Print this page Email A Friend!

An undocumented immigrant who helped the US Government bring down one of Jamaica's most notorious drug kingpins is fighting deportation, which he says is tantamount to a death sentence, the New York Daily News has reported.

According to the newspaper's report published on Saturday, the man, identified in court papers only as Sean B, was a cooperating witness in the case against Christopher “Dudus” Coke beginning in 2009, which made him a marked man. He was known in the gang as “Cowboy”.

“If I return to Jamaica, I am dead as soon as I get off the plane. I testified against one of the most powerful men in Jamaica,” the New York Daily News reports Sean B as saying in a sworn statement. “Being a snitch in Jamaica is one of the worst things you can do and I am branded as one for the rest of my life.
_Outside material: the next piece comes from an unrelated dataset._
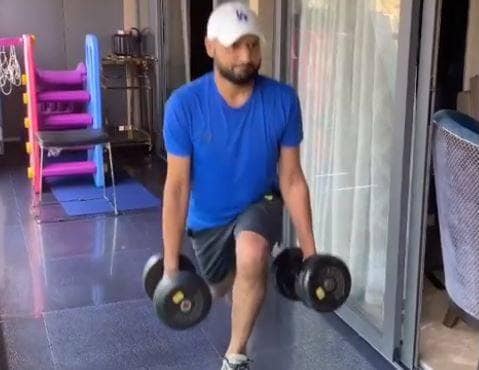 भज्जी ने शेयर किया VIDEO, कोहली बोले- बिल्डिंग कांप रही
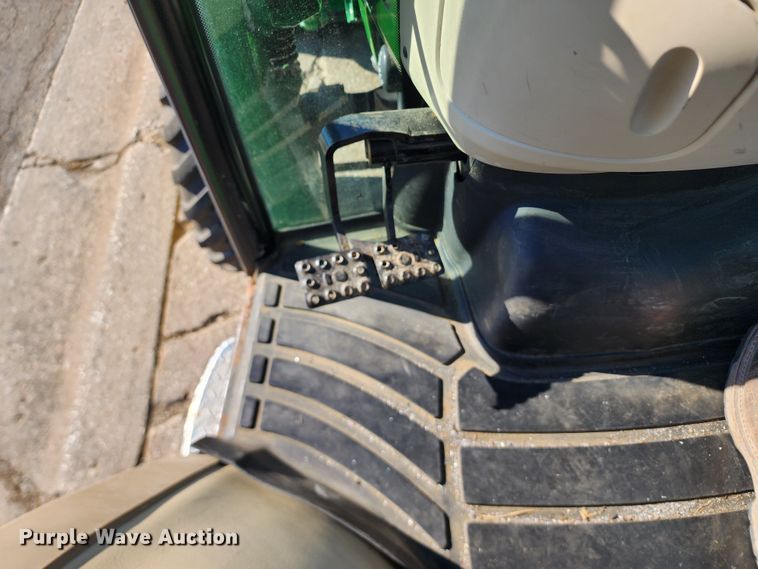 image for item KH9235 2007 John Deere 4720  MFWD tractor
I will be killed in Jamaica if I return.”

According to the Daily News, Sean B, once served as a general in Coke's Shower Posse.

The newspaper reports that New Jersey District Judge Kevin McNulty, in a written ruling last Monday, said: “Since (Sean's) testimony, his sister's house was burned down, the house of his children's mother was bombed, six of his cousins have been murdered, and his father was forced to flee the country.”

The life-or-death stakes were made clear during Sean's recent unwanted three-day return to Jamaica courtesy of the US Immigration and Customs Enforcement (ICE), the Daily news story said, explaining that on May 30 immigration agents put him on a private plane bound for Kingston before the US Government received a restraining order signed by McNulty blocking the deportation.

“What happened when he got removed was cinematic in terms of how insane it was,” the Daily News quotes Sean's attorney Gregory Copeland. His client tried to lay low with a family friend, a sister and others. But during a walk outside, people were waiting for him with a machete and sawed-off shotgun, Copeland said. Sean jumped over fences, hopped in a cab and frantically called his legal team back in the US from a payphone, the newspaper report stated.

Three days later, he was back in ICE custody, thanks to Judge McNulty, who ordered he be returned to America. Federal agents hid him in a hotel in Jamaica until he could be put on a plane, the story reports his other attorney Craig Relles as saying.

Sean has been held in ICE jail ever since.

“I find it quite likely that a person in that position in Jamaica — in hiding, and under a threat of death — could not effectively litigate an immigration appeal,” McNulty wrote. “Not to put too fine a point on it, the death threats, if carried out, would moot and defeat the review process.”

According to the Daily News, Sean had numerous run-ins with US authorities before becoming a cooperating witness, including two deportations for illegal entry. After trying to get into the US a third time in 2009, he pleaded guilty to drug trafficking charges and began working with the Government.

The newspaper reports John Zach, a lawyer who was one of the federal prosecutors on the Coke case, as saying that Sean “was a critical witness in the Coke investigation. He testified at great personal risk to himself and offered first-hand insight into Coke's organisation and how it operated in Jamaica and the United States.”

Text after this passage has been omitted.